## What you will do:
Retype, word for word, every line from the one holding "Doc Thundercliff by" through the one holding "White oval with" in the entries below, both included, and only those lines.

*** Opening of Material supplied ***

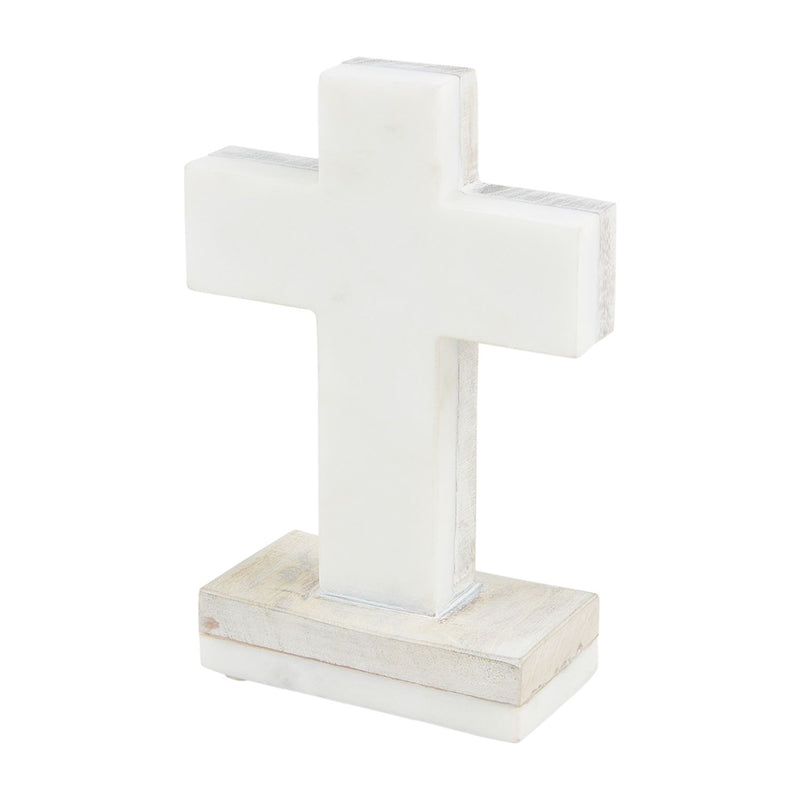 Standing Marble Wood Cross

*** Close of Material supplied ***
*** Opening of Material supplied ***

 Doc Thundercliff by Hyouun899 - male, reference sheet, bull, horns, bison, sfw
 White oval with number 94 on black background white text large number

*** Close of Material supplied ***
*** Opening of Material supplied ***

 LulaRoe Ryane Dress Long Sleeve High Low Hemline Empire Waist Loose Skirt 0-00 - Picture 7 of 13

*** Close of Material supplied ***

## Solution to this problem:
 Doc Thundercliff by Hyouun899 - male, reference sheet, bull, horns, bison, sfw
 White oval with number 94 on black background white text large number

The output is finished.